REQUIRED WORK
All the entries that follow must be written out again exactly.

PROVIDED INFORMATION
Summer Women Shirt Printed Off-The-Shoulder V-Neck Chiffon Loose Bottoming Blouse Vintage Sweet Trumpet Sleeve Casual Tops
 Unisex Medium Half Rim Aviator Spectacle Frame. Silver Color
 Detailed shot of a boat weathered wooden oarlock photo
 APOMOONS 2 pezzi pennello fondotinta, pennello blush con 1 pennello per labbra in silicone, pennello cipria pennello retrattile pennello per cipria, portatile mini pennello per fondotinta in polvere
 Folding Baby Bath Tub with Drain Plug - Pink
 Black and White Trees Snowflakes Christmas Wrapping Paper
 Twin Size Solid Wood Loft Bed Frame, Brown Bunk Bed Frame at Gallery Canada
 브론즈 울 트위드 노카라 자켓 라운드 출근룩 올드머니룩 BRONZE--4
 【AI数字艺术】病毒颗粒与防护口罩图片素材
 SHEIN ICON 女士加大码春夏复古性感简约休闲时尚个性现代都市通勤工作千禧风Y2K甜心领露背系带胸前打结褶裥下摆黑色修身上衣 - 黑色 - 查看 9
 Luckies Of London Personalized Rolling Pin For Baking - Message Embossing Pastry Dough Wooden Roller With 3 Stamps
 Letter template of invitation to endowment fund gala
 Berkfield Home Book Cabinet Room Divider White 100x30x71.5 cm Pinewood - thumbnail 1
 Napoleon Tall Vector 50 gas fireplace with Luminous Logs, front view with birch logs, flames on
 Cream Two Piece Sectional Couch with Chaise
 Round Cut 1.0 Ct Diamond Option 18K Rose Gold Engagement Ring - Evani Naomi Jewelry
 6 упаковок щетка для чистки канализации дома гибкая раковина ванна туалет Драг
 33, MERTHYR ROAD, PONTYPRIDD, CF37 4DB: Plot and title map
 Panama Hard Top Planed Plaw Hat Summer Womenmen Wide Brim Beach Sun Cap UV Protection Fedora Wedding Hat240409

RESULT FOR THIS EXERCISE
Summer Women Shirt Printed Off-The-Shoulder V-Neck Chiffon Loose Bottoming Blouse Vintage Sweet Trumpet Sleeve Casual Tops
 Unisex Medium Half Rim Aviator Spectacle Frame. Silver Color
 Detailed shot of a boat weathered wooden oarlock photo
 APOMOONS 2 pezzi pennello fondotinta, pennello blush con 1 pennello per labbra in silicone, pennello cipria pennello retrattile pennello per cipria, portatile mini pennello per fondotinta in polvere
 Folding Baby Bath Tub with Drain Plug - Pink
 Black and White Trees Snowflakes Christmas Wrapping Paper
 Twin Size Solid Wood Loft Bed Frame, Brown Bunk Bed Frame at Gallery Canada
 브론즈 울 트위드 노카라 자켓 라운드 출근룩 올드머니룩 BRONZE--4
 【AI数字艺术】病毒颗粒与防护口罩图片素材
 SHEIN ICON 女士加大码春夏复古性感简约休闲时尚个性现代都市通勤工作千禧风Y2K甜心领露背系带胸前打结褶裥下摆黑色修身上衣 - 黑色 - 查看 9
 Luckies Of London Personalized Rolling Pin For Baking - Message Embossing Pastry Dough Wooden Roller With 3 Stamps
 Letter template of invitation to endowment fund gala
 Berkfield Home Book Cabinet Room Divider White 100x30x71.5 cm Pinewood - thumbnail 1
 Napoleon Tall Vector 50 gas fireplace with Luminous Logs, front view with birch logs, flames on
 Cream Two Piece Sectional Couch with Chaise
 Round Cut 1.0 Ct Diamond Option 18K Rose Gold Engagement Ring - Evani Naomi Jewelry
 6 упаковок щетка для чистки канализации дома гибкая раковина ванна туалет Драг
 33, MERTHYR ROAD, PONTYPRIDD, CF37 4DB: Plot and title map
 Panama Hard Top Planed Plaw Hat Summer Womenmen Wide Brim Beach Sun Cap UV Protection Fedora Wedding Hat240409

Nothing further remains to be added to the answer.